Subject: Re: Mail and locking
To: None <current-users@NetBSD.ORG>
From: Greg A. Woods <email@example.com>
Date: 12/04/1996 16:39:03
[ On Wed, December 4, 1996 at 07:35:11 (-0800), Curt Sampson wrote: ]
> Subject: Re: Mail and locking
> There's a reasonable argument to be made that honouring both locking
> protocols, rather than forcing people to modify the source code of
> random mail packages, is the simpler option.
All common mail packages *must* implement dot_locking in order to be
portably used on random systems. Most I know of do so, though as you
pointed out they don't all do so correctly.
> > The only known disadvantage of dot-locking (other than the fact that it
> > requires a setuid or setgid process with write access to the spool
> > directory)
> As if that isn't a major disadvantage in itself.

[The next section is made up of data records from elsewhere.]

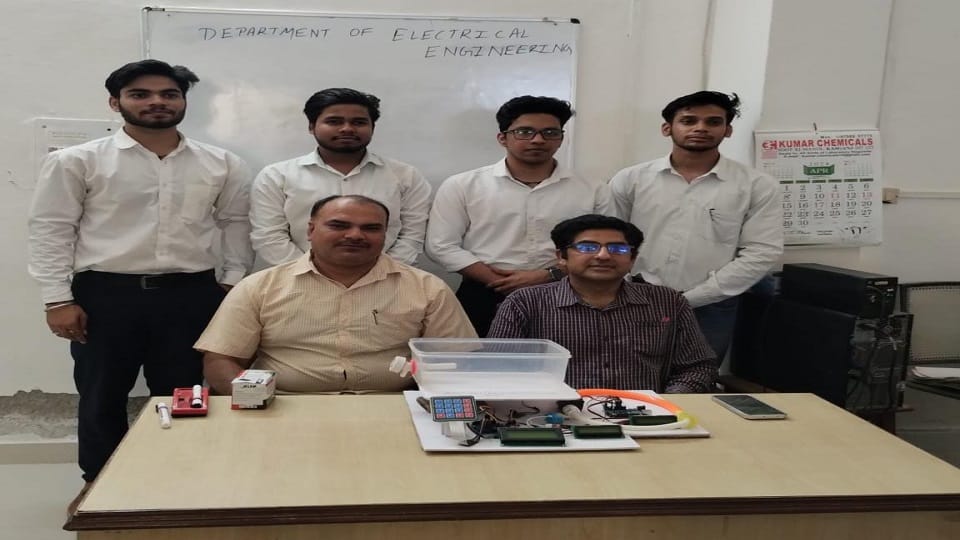 Students prepared smart meter it will tell whether water is potable or not Three sensors will work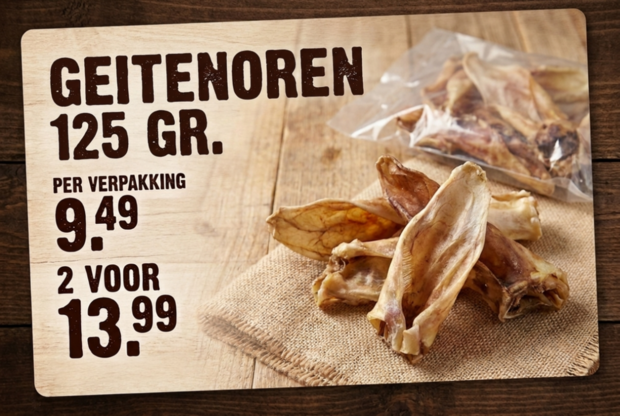 Beeztees Geitenoren Vol 125G
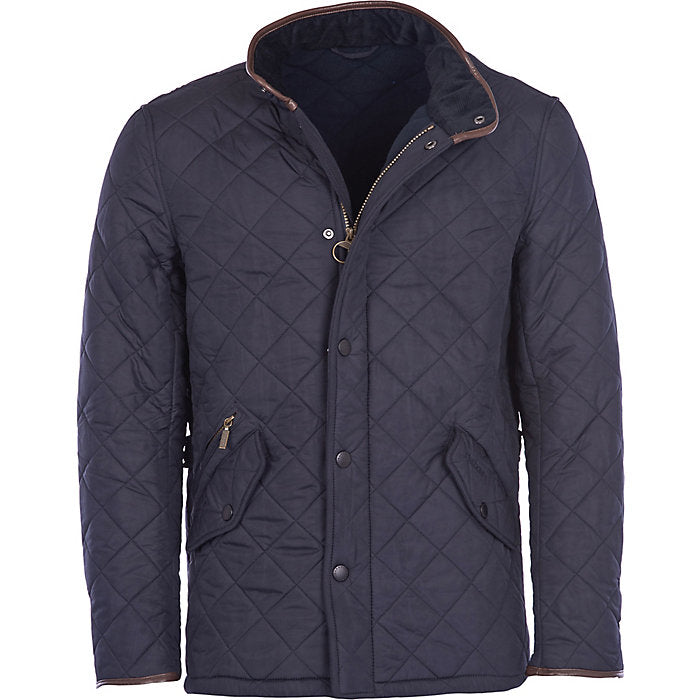 Barbour Men's Checked Heron Quilted Jacket: Charcoal - Craig Reagin  Clothiers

It's open to denial
> of service attacks on new accounts, for a start.
Excuse me? How? I'd expect /var/mail to be either mode 711 at best, or
1775 at worst. In general 1777 (or worse 777) is, of course, insanity.
What it does permit is denial of service attacks if you can somehow
create lock files for another user's mailbox. This can be prevented if
the spool directory does not have the sticky bit set and authorized mail
processes just blow away locks that are owned by someone other than the
mailman or the mailbox owner.
If the local delivery and mail-pickup processes are setgid to the unique
member-less group which owns and has write permission on /var/mail, and
the system supports the POSIX notion of giving away files on quota-less
filesystems, and /var/mail is on such a filesystem, then life with
mailers can become very mundane and routine with few risks to anyone.
Of course it also helps if the delivery process can enforce local policy
too, such as maximum mailbox sizes with decent bounce explanations; and
if there's an ftruncate() system call.... If you can't give away a
file on a given system, then the only change to this schema is that
mailboxes must be created by root instead of by the mailman, and must
never be removed.
Maybe we can blame all the CERT sendmail advisories on the silly need to
support the filesystem quotas so rarely used in practice. [0.5 ;-)]
> However, I've taken the opportunity to look through some source
> code, and it's becoming more and more evident that dot locking is
> not in the slightest bit reliable, because it appears to be done
> in different ways by different people.
Please be very careful how you define "reliable" here. It is extremely
reliable when the correct algorithm is implemented properly. What
you're saying is only that many people cannot write correct code the
first few times around. There's nothing new in that!
> And what is your preferred method of fixing a broken mail file?
> Mail files do break, and you have to have have some way of doing
Well, normally I copy it somewhere private first, and if I happen to
have something like shlock or newslock that will let me create a valid
lock file I'll truncate the original spool file too, or I may do it by
hand. If necessary I'll shut down the mailer for a moment, make sure
the user's not going to try to read mail, truncate the original spool
file, and then restart the mailer. If I have no way of creating a sure
lock I'll just hand the "fixed" mail file to the user in their home
directory, etc., or I'll again shut down the mailer and append it to
their spool file.
I would never ever ever edit a live spool file.